** Problem requirements **
Your output should be the lines below from the one with "46 Elmwood Avenue Edison NJ 08837" through the one with "YV4A22PK1J1195469# 10", copied exactly, pictures excluded.

** Data extracts **
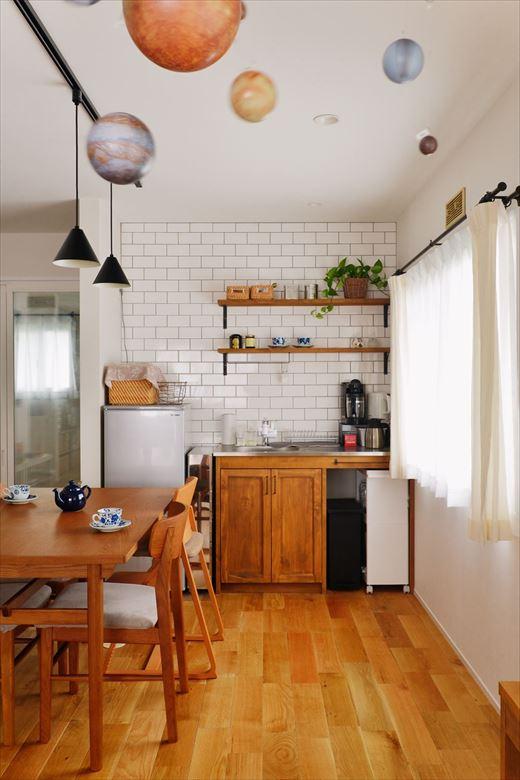 ミニキッチンを新たに設置。普段の食事は1階のため、軽食やお茶のために活用。タイル貼りやオープン棚でカフェ風に仕上げ、奥様のイメージをカタチに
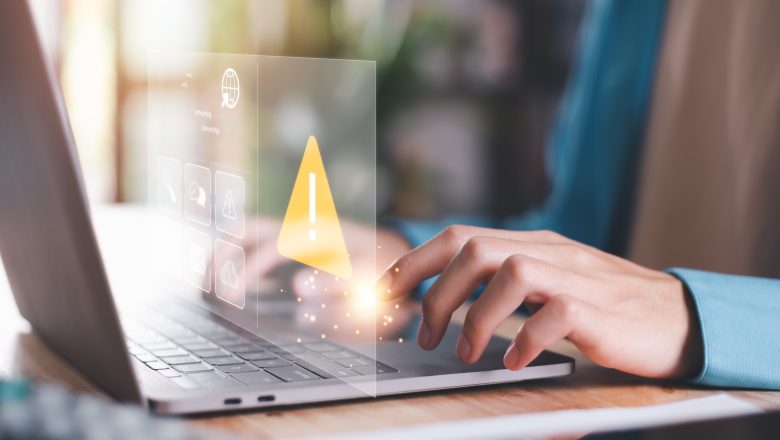 Keamanan-Sistem-IT-Melindungi-Infrastruktur-Teknologi-Informasi-Qlausa-1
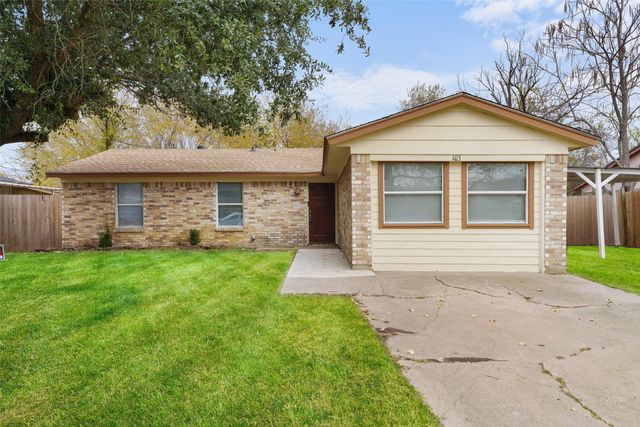 103 Lorie Street, Alvarado, TX 76009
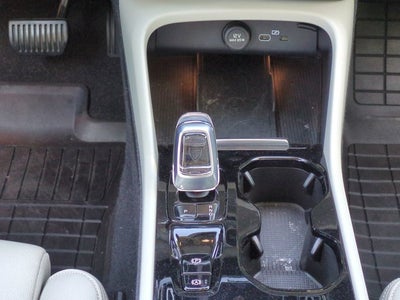 2023 Volvo XC40 Ultimate Bright Theme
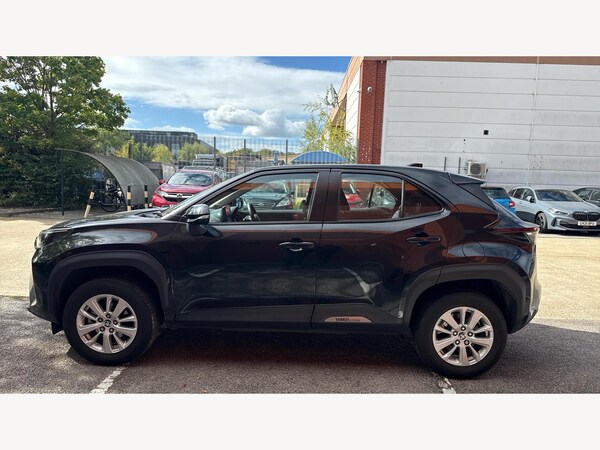 Used Toyota Yaris Cross 2024 for sale - 76151889: Photo 19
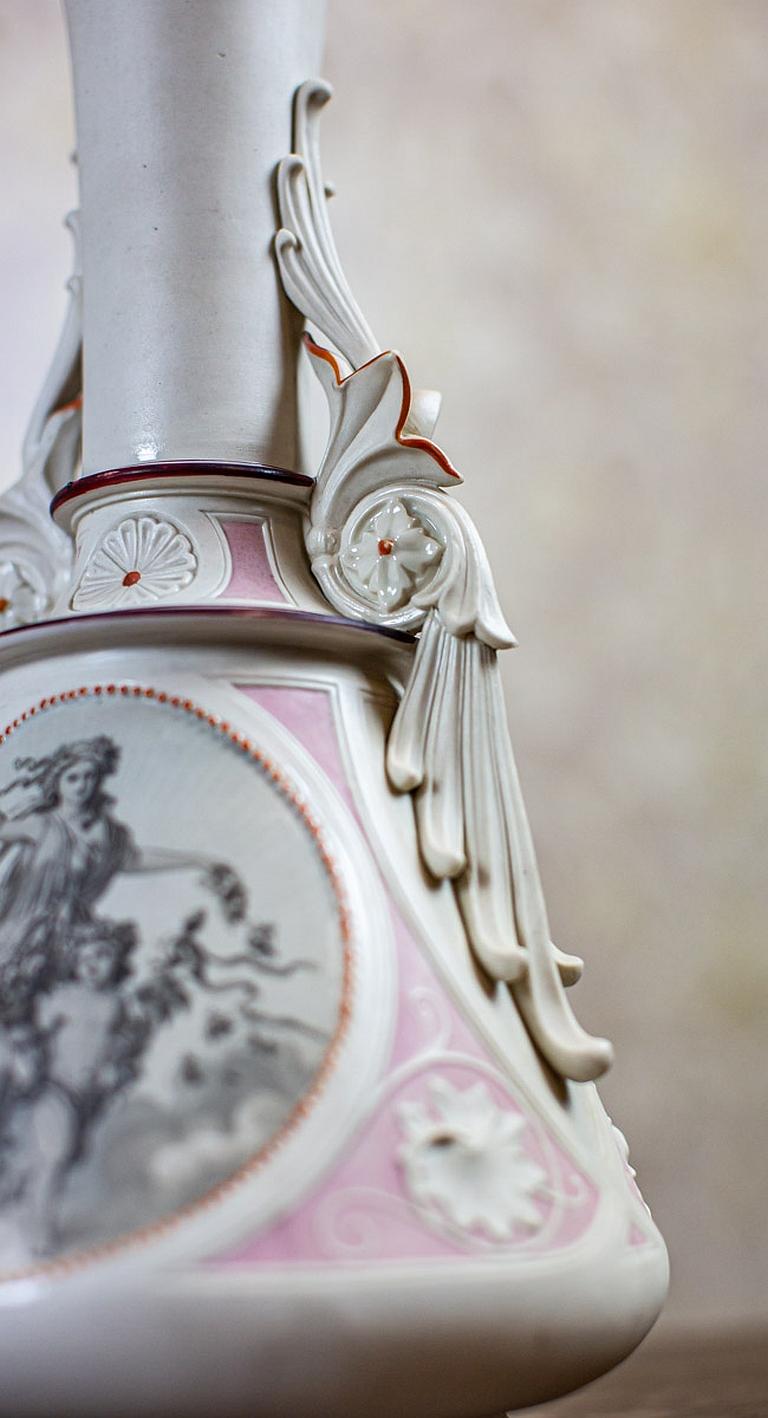Porcelain Pair of 19th-Century Biscuit Vases in White and Pink For Sale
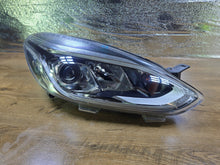Laden Sie das Bild in den Galerie-Viewer, Frontscheinwerfer Ford Fiesta Rechts Scheinwerfer Headlight SCH8917732238za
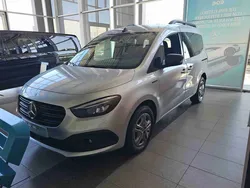 Cinzento Novo 2024 Mercedes eCitan | € 52.272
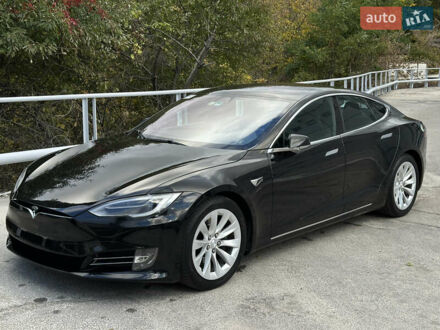 Тесла Модель С 2018 в Киеве на Automoto.ua Черный Тесла Модель С, объемом двигателя 0 л и пробегом 130 тыс. км за 25900 $, фото 1 на Automoto.ua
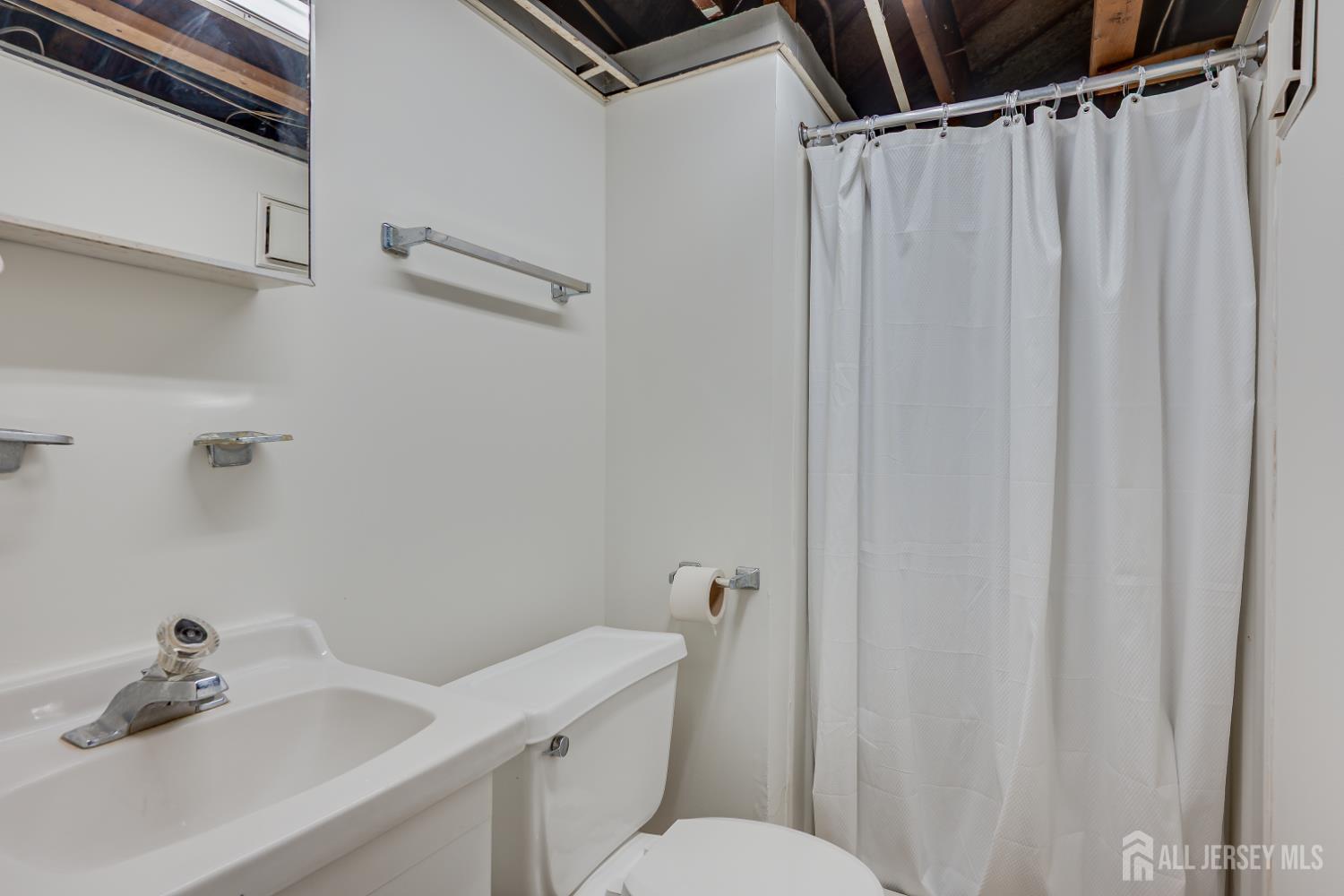46 Elmwood Avenue Edison NJ 08837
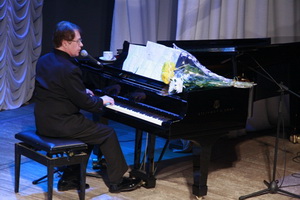 Олег Иванов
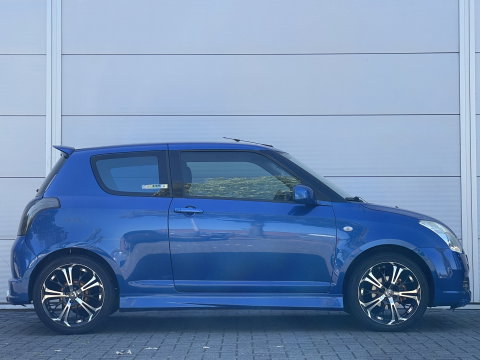 Suzuki Swift 1.3 GLS | Licht metalen velgen 17'' | Subwoofers | Airconditioning | Elektrische ramen | Bluetooth | Centrale deurvergrendeling |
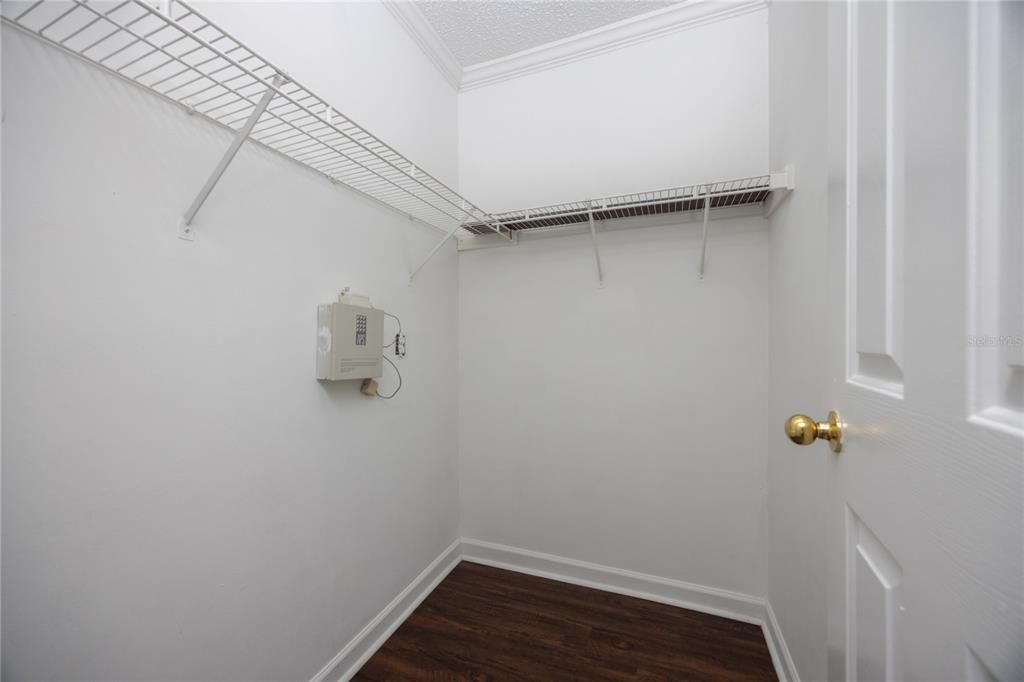 Active With Contract: $1,250 (2 beds, 2 baths, 800 Square Feet)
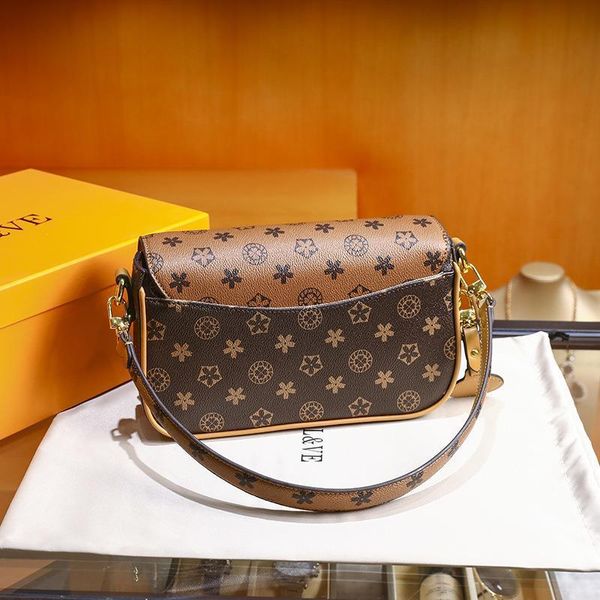 luxurys designer bag women bags handbag crossbody leather purse fashion flower shoulder lady tote bag wallet 112
luxurys designer bag women bags handbag crossbody leather purse fashion flower shoulder lady tote bag wallet 112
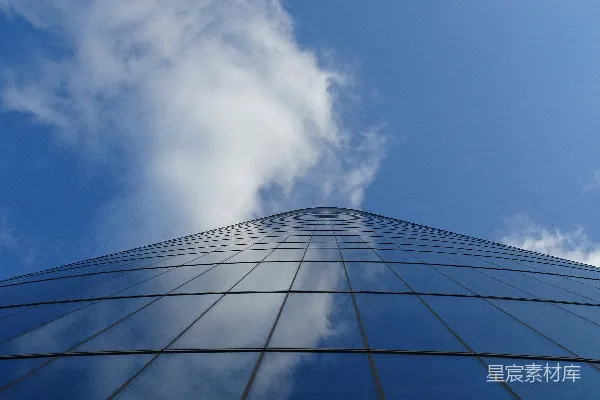 一座高耸入云的建筑物背景是蓝天。
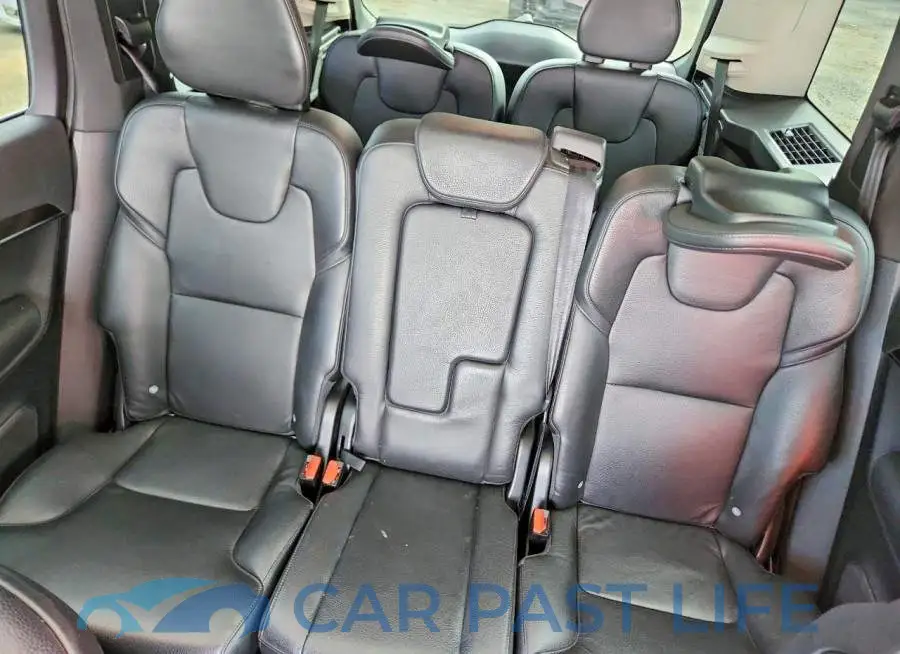 YV4A22PK1J1195469# 10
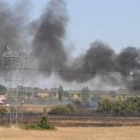 Un incendio arrasó ayer 5 hectáreas en Villadangos y se acercó a los depósitos de combustible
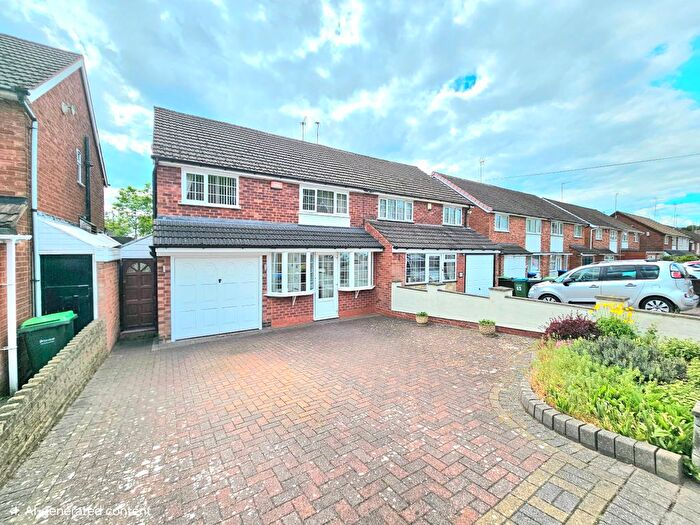 3 Bedroom Semi Detached House For Sale In Stanton Road, Birmingham, B43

** Exercise output **
46 Elmwood Avenue Edison NJ 08837
 Олег Иванов
 Suzuki Swift 1.3 GLS | Licht metalen velgen 17'' | Subwoofers | Airconditioning | Elektrische ramen | Bluetooth | Centrale deurvergrendeling |
 Active With Contract: $1,250 (2 beds, 2 baths, 800 Square Feet)
 luxurys designer bag women bags handbag crossbody leather purse fashion flower shoulder lady tote bag wallet 112
luxurys designer bag women bags handbag crossbody leather purse fashion flower shoulder lady tote bag wallet 112
 一座高耸入云的建筑物背景是蓝天。
 YV4A22PK1J1195469# 10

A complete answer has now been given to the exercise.